Alejandro se incorporó como ayudado por un resorte y corrió hacia el fuego, donde Andrés le había indicado que le esperaba el jinete, sentado junto a la hoguera para sacudir el frío de su cuerpo y dispuesto a darles las noticias.

–¿Qué pasa, chico? –preguntó al joven que le era tan familiar.

–Me envía don José. Se ha escapado.

–¿Se ha escapado? ¿Quién, muchacho?

–Su prometida.

–¡Qué demonios! –blasfemó.

–Su padre se ha personado en el cuartel para dar la voz de alarma.

–¡Qué demonios!

–Eso ya lo ha dicho.

–¿Qué quieres decir con que se ha escapado?

–Eso es lo que han oído. Al parecer el padre comentó que podría haberse ido porque no deseaba contraer matrimonio con…

–¿Con…?

–Con el viejo barón, o sea usted.

–¿Viejo? ¡Ni siquiera me conoce!

–Tal vez sea esa la razón, viejo –rió entre dientes Andrés.

–Está bien, trataré de averiguar todo lo que pueda en el pueblo. Otra cosa, chico, ¿has oído algo sobre Carvajal?

–¡Oh, sí! Os va a encantar –sonrió demostrando lo joven que era–. Estaba en la taberna acabándome la jarra de tinto cuando entraron dos jóvenes guardias civiles como locos buscándola.

–¿Buscando a mi prometida? –preguntó, aunque tenía la certeza de saber que se refería a Lola.

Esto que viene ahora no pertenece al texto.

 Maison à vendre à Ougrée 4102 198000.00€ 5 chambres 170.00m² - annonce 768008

–No, no a ella. Dicen que la amante del capitán lo ha atacado, le ha robado y se ha fugado. Al parecer le dio fuerte porque casi lo mata.

–Pero ¿sigue vivo? –preguntó Andrés con impaciencia.

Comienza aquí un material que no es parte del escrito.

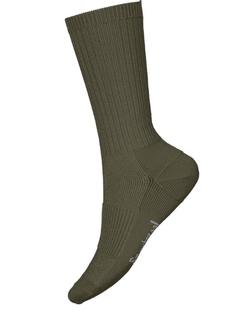 Smartwool Hike Classic Edition Light Cushion Solid Crew Socks WINTERMOSS
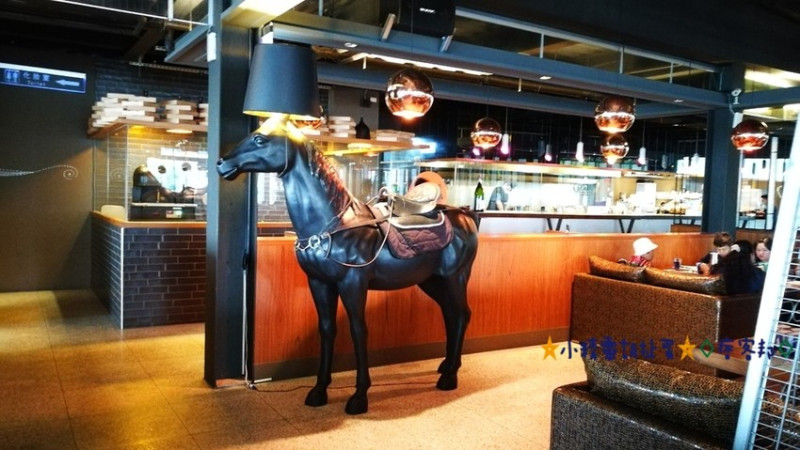 ※寵物友善餐廳※桃園墨尼尼義大利餐廳★小精靈胡扯蛋★2017.06.18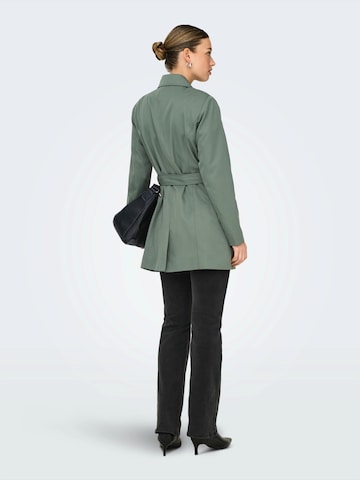 ONLY - Abrigo de entretiempo 'ONLValerie' en verde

–El doctor ha estado cosiéndole la herida y después se ha pasado por la taberna para tranquilizarnos –ante la observación todos sonrieron, ninguno le tenía simpatía a Carvajal–. Dijo que le dolerá la cabeza unos días, pero que se pondrá bien.

–¡Qué buena noticia! –soltó Andrés con ironía.

–Sí, eso mismo hemos pensado todos. Ninguno iba a decirlo en voz alta, pero todos sabemos que ese bastardo estaría mejor bajo tierra.

–Está bien, chico. Ten –le dijo ofreciéndole unos reales–. Gracias por la información.

El joven agradeció a Alejandro el gesto con una inclinación de cabeza y se marchó sobre su caballo con las mismas prisas con las que había llegado.

Todo de nuevo estaba en silencio, tan solo el crepitar de los troncos deshaciéndose con lentitud rompía la quietud.

–¿Alejandro…?

–Dime, Andrés.

–¿Quieres que vayamos a echar un vistazo y rastreemos la zona?

–Gracias, amigo, pero esto es asunto mío. ¿Dónde demonios se habrá metido esa chiquilla…?

–No lo sé, pero si él la encuentra antes…

–Lo sé, no respeta nada ni a nadie. Puede que cumpla con su trabajo o que simplemente haga con ella lo que le plazca y luego finja que la ha encontrado…

–No pienses lo peor, la encontraremos, aunque haya que levantar cada raíz de cada árbol de toda Andalucía.

Alejandro sonrió levemente, una sonrisa que no sentía pues no llegó a su mirada. Se perdió en los pensamientos que lo asaltaban y, decidido a no pensar en que podría estar muerta, hizo planes para el día que comenzaba a asomarse tímido entre las altas y escarpadas montañas.